Küresel çapta vakaların artış hızına karşılaştırmalı olarak bakıldığında, maalesef, hâlen daha salgın hastalığın yayılmasıyla ilgili olarak özellikle ABD, Avrupa ve Türkiye tarafında zirvenin görüldüğünü söylemek pek mümkün görünmüyor. Temennimiz salgın hastalığın en kısa sürede kontrol altına alınması, tedavi gören tüm herkesin bir an önce iyileşmesi ve mümkün olan en kısa zamanda günlük rutine dönülebilmesi…

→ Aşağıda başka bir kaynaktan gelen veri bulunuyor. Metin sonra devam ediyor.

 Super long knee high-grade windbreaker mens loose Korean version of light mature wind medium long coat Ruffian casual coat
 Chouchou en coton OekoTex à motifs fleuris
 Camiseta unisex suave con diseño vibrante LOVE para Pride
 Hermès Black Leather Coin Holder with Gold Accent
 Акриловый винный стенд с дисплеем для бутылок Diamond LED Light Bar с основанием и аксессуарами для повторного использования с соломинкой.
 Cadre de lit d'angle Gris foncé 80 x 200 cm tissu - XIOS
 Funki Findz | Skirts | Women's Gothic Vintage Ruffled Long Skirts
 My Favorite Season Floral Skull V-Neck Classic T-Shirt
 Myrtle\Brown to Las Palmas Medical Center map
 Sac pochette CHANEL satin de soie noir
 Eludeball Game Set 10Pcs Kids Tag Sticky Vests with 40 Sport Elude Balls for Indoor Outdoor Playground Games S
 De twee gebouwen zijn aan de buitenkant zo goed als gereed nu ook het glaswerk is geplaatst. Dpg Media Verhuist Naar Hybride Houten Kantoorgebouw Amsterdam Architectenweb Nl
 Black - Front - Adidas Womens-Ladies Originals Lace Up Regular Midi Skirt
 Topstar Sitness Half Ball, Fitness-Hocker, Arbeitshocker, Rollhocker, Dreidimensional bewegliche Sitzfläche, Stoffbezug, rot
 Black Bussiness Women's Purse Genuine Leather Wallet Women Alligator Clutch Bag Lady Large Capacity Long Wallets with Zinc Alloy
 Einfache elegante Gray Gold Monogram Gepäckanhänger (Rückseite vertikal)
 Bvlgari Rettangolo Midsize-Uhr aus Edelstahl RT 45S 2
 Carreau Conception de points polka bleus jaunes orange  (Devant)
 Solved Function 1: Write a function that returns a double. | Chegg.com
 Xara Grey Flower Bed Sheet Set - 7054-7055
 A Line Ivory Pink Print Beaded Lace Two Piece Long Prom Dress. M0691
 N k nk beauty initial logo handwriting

Yakın dönemde birçok ülke ve uluslararası kurum tarafından alman mali önlemler piyasalardaki paniğin azalmasına katkı sağladı diyebiliriz. Ancak, hâlen borsalarda dip görüldü demek için erken görünüyor. Zira önceki haftalarda da altını çizdiğimiz üzere, alınan maddi önlemler/teşvikler hastalığın çözümüne yönelik doğrudan bir katkı vermemekte. Dolasıyla, “hastalığın yayılma hızında zirve görüldü” ve/veya “hastalığa yönelik etkin bir tedavi yöntemi bulundu” gibi bir haber görülmedikçe, “piyasalarda dip görüldü, yükseliş başlıyor” gibi bir cümle kurmak kısa vadede oldukça zor. Dolayısıyla, özellikle mart ayı başından itibaren piyasalarda öne çıkan oynaklığın bir süre daha devam etmesi muhtemel diyebiliriz.
STRATEJİ NE OLMALI?
Pek iç açıcı olmayan bu girizgâhla birlikte hisse senedi yatırımı açısından mevcut durumun özellikle uzun vadeli yatırım açısından önemli fırsatları da beraberinde getirdiğini bir kez daha hatırlatmakta fayda var. Yukarıda belirttiğimiz gibi, henüz dip görüldü demek mümkün olmadığından, uzun vadeli perspektifle yapılacak olası alımların tek bir seviyeden ya da tek bir günde yapılmasındansa, kademelere ve zamana yayarak biriktirme şeklinde alım yapılması çok daha sağlıklı olacaktır. Piyasaların işleyişine yönelik yerleşmiş deyimlerden olan “herkes alırken sat, herkes satarken al” yaklaşımından hareketle; görülebilecek olası düşüşlerde, özellikle de alış yapmanın tabir-i caizse cesaret istediği günlerde paniğe kapılmadan kademelere ve zamana yayılarak yapılacak maliyetler (düşüş esnasmda bir karar vermektense ilk tepkinin geleceği seviyeleri beklemek daha yerinde bir yaklaşım olabilir) uzun vadede önemli getiri elde edilmesini; kısa vadede ise olası olumsuz senaryolarda karşılaşılabilecek zararların daha sınırlı kalmasını sağlayabilir.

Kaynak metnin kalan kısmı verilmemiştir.